El último shah de Irán, Mohamed Reza Pahlevi, fue derrocado en febrero de 1979 tras una serie de revueltas sociales. En la actualidad, su hijo, Reza Pahlevi, quien cuenta con el apoyo de naciones como Israel y Estados Unidos, ha declarado: «Regresaré a Irán».
La figura de la oposición
Reza Pahlevi se ha convertido en la figura más visible de una oposición que ha sido silenciada o encarcelada por el régimen.

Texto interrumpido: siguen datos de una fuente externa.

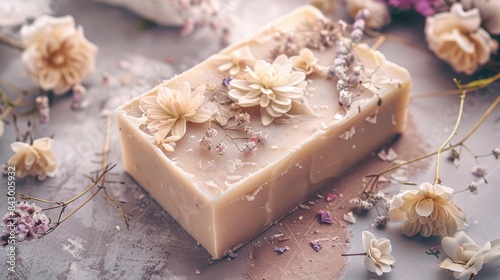 Artisan soap with floral decorations on a neutral backdrop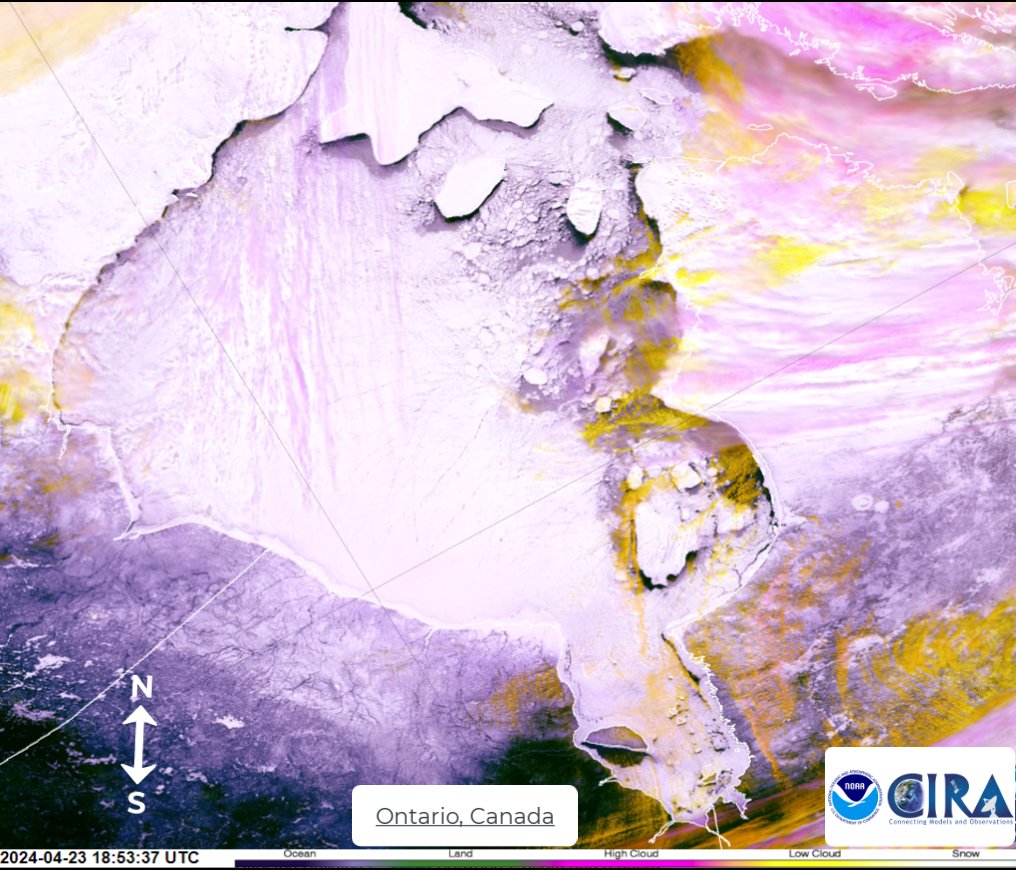 Extensive ice coverage is observed over Hudson Bay. Seen yesterday afternoon by NOAA-21 VIIRS.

Aunque carece de un gran respaldo dentro de Irán, ha manifestado que cuenta con el apoyo de algunos miembros del ejército y las fuerzas de seguridad.
La crisis económica ha sido el detonante de este movimiento social. El presidente de Estados Unidos, Donald Trump, ha enfatizado la importancia de un cambio de régimen en Irán, aunque tras recibir consejos de sus asesores, ha decidido no intervenir militarmente en el país, asegurando que ha recibido garantías de Teherán de que «las matanzas han terminado».
Pahlevi afirmó: «El mundo encontrará una nación que abraza a Estados Unidos como un verdadero amigo”. En este contexto, habló sobre un programa de estabilización para los primeros 100 días tras un cambio de régimen, que, según él, cuenta con el respaldo de líderes empresariales y ofrece una hoja de ruta para la recuperación nacional.
A pesar de su intento de posicionarse como una figura unificadora dentro de la oposición iraní, enfrenta críticas desde el interior de la República Islámica, donde la mayoría de la población, con una media de edad por debajo de los 40 años, no tiene recuerdos del reinado de su padre. Pahlevi también defendió el establecimiento de una monarquía constitucional, proponiendo un proceso constitucional supervisado internacionalmente que permita a los iraníes decidir su propio destino en elecciones libres y justas. “Es el pueblo iraní quien debe decidir”, concluyó.